[Data records — start]

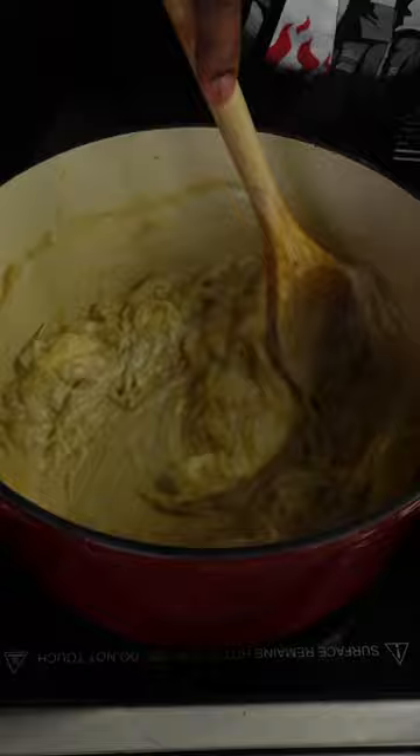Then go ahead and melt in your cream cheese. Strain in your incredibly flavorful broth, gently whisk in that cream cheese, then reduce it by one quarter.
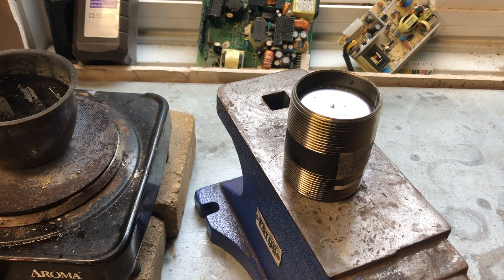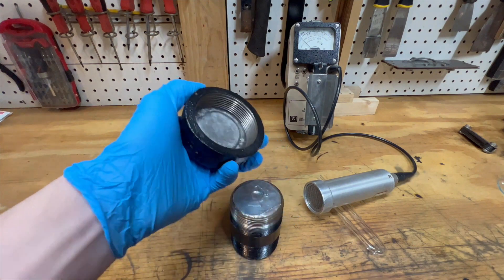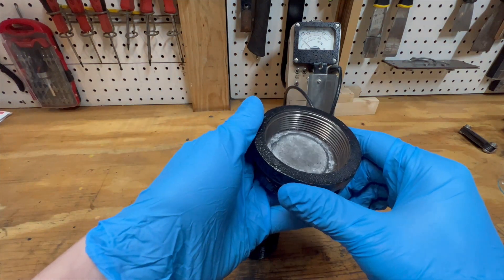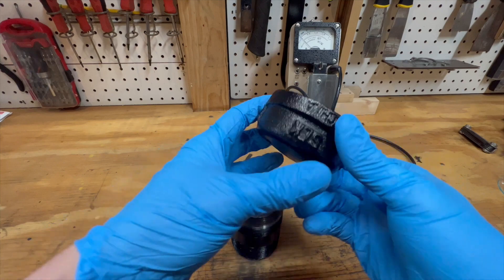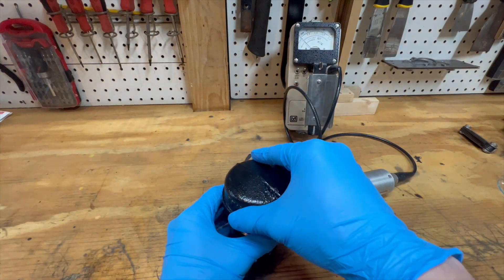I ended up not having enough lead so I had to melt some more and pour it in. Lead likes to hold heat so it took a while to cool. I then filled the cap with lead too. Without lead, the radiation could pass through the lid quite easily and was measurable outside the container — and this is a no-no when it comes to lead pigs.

[Data records — finish]
[Data records — start]

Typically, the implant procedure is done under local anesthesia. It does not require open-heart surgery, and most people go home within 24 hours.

[Data records — finish]

▸ Assignment:
Print the line above containing "Then go ahead", the line containing "I ended up not", and everything between them, exactly as written. Pictures stay out.

▸ Reply:
Then go ahead and melt in your cream cheese. Strain in your incredibly flavorful broth, gently whisk in that cream cheese, then reduce it by one quarter.
I ended up not having enough lead so I had to melt some more and pour it in. Lead likes to hold heat so it took a while to cool. I then filled the cap with lead too. Without lead, the radiation could pass through the lid quite easily and was measurable outside the container — and this is a no-no when it comes to lead pigs.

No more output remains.